Leviathan begins with its crew of underwater miners exhausted and eager to return home at the end of a very long mission. Two of the team members explore a mysterious sunken Russian vessel and bring back some souvenirs from their adventure, most notably a bottle of vodka and a mysterious liquid in a flask. Coarse, sexual harassment-minded Sixpack (Stern) is the first to get sick and die, and as the corpses begin to mutate in creepy and horrifying fashion, the vessel’s laconic leader, Steven Beck (Weller), and its dry-witted doctor, Glen Thompson (Crenna), begin to suspect that something is terribly wrong and that their bosses at Tri-Oceanic just might not have their best interests at heart. The first sign? Beck’s superior is played by cat-eyed character actress Meg Foster, who specialized in playing everything from heartless villains to people who turned out not to be the heartless villains their appearance strongly suggested.

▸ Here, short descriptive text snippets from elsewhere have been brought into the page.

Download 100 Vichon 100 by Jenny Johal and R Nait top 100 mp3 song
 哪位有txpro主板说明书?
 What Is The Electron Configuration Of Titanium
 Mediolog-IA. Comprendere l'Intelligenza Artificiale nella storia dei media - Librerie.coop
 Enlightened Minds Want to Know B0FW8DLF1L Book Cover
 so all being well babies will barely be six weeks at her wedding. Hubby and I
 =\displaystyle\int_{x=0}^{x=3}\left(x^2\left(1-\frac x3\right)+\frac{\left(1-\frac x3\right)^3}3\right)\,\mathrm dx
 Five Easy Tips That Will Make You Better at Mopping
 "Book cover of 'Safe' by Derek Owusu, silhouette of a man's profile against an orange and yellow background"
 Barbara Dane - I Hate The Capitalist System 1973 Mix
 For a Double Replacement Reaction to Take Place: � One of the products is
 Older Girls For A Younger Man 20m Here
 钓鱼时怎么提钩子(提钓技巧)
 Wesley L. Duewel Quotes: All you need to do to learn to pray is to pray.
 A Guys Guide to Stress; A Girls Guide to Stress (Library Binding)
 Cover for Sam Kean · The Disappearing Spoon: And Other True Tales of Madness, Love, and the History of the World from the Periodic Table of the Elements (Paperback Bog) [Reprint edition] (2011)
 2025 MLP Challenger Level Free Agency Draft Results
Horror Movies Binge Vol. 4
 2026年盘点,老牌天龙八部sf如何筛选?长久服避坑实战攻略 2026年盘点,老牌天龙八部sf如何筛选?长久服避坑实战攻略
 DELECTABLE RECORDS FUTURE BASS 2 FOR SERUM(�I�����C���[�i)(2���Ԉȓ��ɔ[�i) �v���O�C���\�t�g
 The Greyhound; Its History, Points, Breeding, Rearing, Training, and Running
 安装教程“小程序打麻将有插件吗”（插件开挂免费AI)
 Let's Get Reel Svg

Leviathan looks a lot better from the standpoint of 2014 than it did as one of a swarm of underwater creature features that popped up in the wake of The Abyss. Today Leviathan looks less like an underachieving A-movie with a bunch of talented craftsmen working well below their level than a slightly overachieving B-movie that borrows shamelessly but effectively from a smorgasbord of science-fiction and horror classics involving creepily phallic, drooling, oozing monsters with tentacles and razor-sharp teeth and disagreeable personalities. Cinematographer Alex Thomson, who was nominated for an Oscar for his work on Excalibur, helps give the film a rusted-out, industrial look that adds to the claustrophobia of being underwater with no feasible means of escape. And the gallery of character actors do a fine job of providing a sense of a shared history among the characters, although as Beck’s love interest and Final Girl, Amanda Pays is awfully generic.
In the supplements, the special-effects crew talk extensively about their frustrations with the film’s monster and how a tight shooting schedule, an insufficient budget, and a monomaniacal, demanding director caused them to cut corners and create a crazy hodgepodge of a monster with no real internal consistency, either visually or thematically. While less than perfect, there’s a homemade, artisanal quality to the monster effects that’s ingratiatingly gross, if also unfortunately poultry-like. Leviathan might have been received as a second-rate cash-in on a second-rate James Cameron movie, but for a half-forgotten also-ran, its slick genre machinery runs smoothly and satisfyingly.
Special Features
A surprisingly candid and entertaining feature on the film’s effects sheds light on Stan Winston’s working methods, the difficulty of creating good work under regrettable conditions, and the creature team’s dissatisfaction both with their own work and the film itself. It’s essential for anyone even vaguely interested in how creatures—and by extension creature features—get made and unmade. Interviews with Elizondo and Hudson are much less compelling.